Task directions
In the entries below, find the line with "Photo - 7204 Meadow Lake Ave House" and print exactly every line from there up to and including the line with "滑雪登山等户外运动项目受到资本持续关注，户外滑雪场的形成原因", with no other lines.
■ ■ ■ ■
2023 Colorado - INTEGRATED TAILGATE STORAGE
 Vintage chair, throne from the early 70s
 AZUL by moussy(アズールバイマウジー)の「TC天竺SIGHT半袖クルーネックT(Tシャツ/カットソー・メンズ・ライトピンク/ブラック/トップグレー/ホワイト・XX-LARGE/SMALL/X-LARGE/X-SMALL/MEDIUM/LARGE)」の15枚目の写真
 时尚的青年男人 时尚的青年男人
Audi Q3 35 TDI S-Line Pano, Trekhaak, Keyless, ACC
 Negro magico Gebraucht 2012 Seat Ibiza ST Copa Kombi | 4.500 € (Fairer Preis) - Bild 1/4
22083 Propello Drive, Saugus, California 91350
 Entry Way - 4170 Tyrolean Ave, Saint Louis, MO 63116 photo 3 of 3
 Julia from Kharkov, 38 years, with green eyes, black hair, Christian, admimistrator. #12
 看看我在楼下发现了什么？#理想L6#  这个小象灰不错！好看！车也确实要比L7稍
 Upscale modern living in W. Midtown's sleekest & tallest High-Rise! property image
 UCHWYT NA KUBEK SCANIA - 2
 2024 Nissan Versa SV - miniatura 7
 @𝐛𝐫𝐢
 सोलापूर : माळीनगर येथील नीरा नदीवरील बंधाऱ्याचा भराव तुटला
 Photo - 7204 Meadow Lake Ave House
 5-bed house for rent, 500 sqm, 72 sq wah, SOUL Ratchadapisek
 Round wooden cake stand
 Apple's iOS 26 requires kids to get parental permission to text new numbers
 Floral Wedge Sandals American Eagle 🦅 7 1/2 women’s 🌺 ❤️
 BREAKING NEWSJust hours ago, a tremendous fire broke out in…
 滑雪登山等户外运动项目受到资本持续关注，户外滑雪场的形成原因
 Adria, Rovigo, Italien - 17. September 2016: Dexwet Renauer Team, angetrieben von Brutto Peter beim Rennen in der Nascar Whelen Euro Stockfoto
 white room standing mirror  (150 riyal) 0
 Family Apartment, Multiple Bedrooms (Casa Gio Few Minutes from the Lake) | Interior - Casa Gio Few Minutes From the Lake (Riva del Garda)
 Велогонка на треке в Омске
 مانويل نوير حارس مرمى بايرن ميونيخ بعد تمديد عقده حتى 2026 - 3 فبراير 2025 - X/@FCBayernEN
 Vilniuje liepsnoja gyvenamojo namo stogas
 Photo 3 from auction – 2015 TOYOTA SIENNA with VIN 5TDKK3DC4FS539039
■ ■ ■ ■
Output below
 Photo - 7204 Meadow Lake Ave House
 5-bed house for rent, 500 sqm, 72 sq wah, SOUL Ratchadapisek
 Round wooden cake stand
 Apple's iOS 26 requires kids to get parental permission to text new numbers
 Floral Wedge Sandals American Eagle 🦅 7 1/2 women’s 🌺 ❤️
 BREAKING NEWSJust hours ago, a tremendous fire broke out in…
 滑雪登山等户外运动项目受到资本持续关注，户外滑雪场的形成原因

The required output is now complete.